Wes Hickman (202=224-5972) or Kevin Bishop (864-250-1417)
-- U.S. Senator Lindsey Graham's (R-South Carolina) long drive to increase loan forgiveness for qualified teachers is about to become law.
Today the U.S. Senate overwhelmingly passed legislation increasing the amount of loan forgiveness available for teachers in critical areas from $5,000 to $17,500. The legislation has already been approved by the House of Representatives and President Bush is expected to sign it into law.
“There is a drastic shortage of qualified teachers in critical needs areas,” said Graham, a member of the Health, Education, Labor and Pensions Committee (HELP). “This loan forgiveness program is an important first step in eliminating the shortage. It’s a great recruitment tool that rewards teachers for working in underserved areas of the profession. It is an important investment in the future of children and the country.”
Graham first began pushing loan forgiveness for teachers in 1998 when he served in the U.S. House of Representatives. On previous occasions, the legislation passed the House only to not be taken up by the Senate.
Graham also won high praise for his work on the issue including supportive comments from President Bush and Laura Bush who viewed the loan forgiveness issue as an important component of their effort to provide a quality teacher in every classroom.
Under the loan forgiveness expansion passed today, math, science, and special education teachers who teach in Title I schools can qualify to have up to $17,500 of their student loans forgiven. Critical and widespread shortages exist in these disciplines, particularly in inner city and rural communities.
"While I am pleased this expansion of teacher loan forgiveness looks like it will become law, I will continue to work toward a comprehensive expansion of the current program,” said Graham. “I support loan forgiveness for all disciplines, but the funding simply was not there to expand the program fully at the time. I am hopeful this can occur in the coming years."
“This would not have happened without a big push from President Bush,” said Graham. “Loan forgiveness has been one of his and the First Lady’s signature issues. I truly appreciate their assistance in turning this idea into law.”
“I also would like to thank Senator Gregg and Representative Boehner for helping to push this through Congress with an overwhelming majority,” said Graham. “This idea will truly make a difference in our rural and urban poor schools. A quality teacher in every classroom is exactly what I want.”

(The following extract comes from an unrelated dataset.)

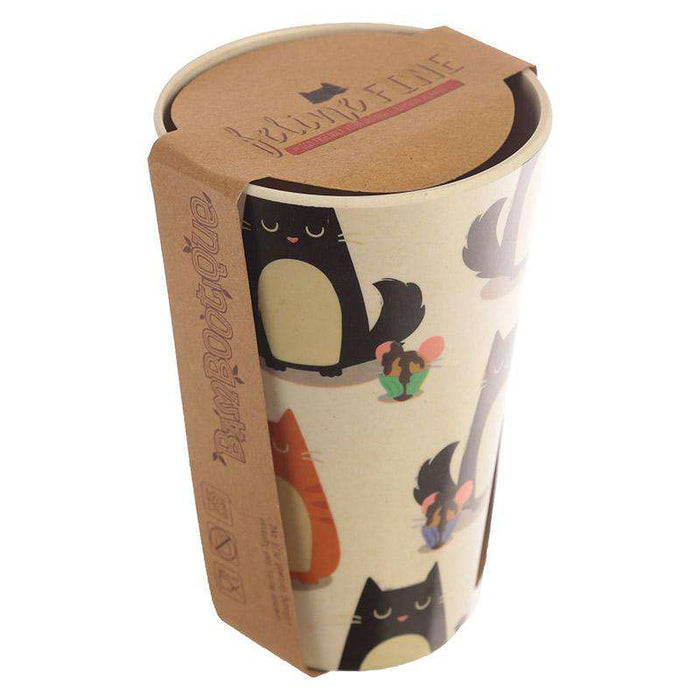 Zero Zen Reusable Bamboo Composite Cup - Feline Fine Cat BAMB18 with label on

Funding for the loan forgiveness program will come from an adjustment in existing law that allowed excessive profits for companies lending money to college students. Under current law, the federal government guarantees a handful of lenders and note holders a 9.5-percent interest rate for student loans. The guaranteed yield on other federally subsidized student loans is a much lower rate -- roughly 4 percent. The federal government had been making up the difference costing taxpayers hundreds of millions of dollars.
The legislation provides an immediate, one-year solution to the problem, and paves the way for a permanent fix during re-authorization of federal higher education programs next year.
The government will use the anticipated savings of approximately $270 million to pay for the teacher loan forgiveness plan.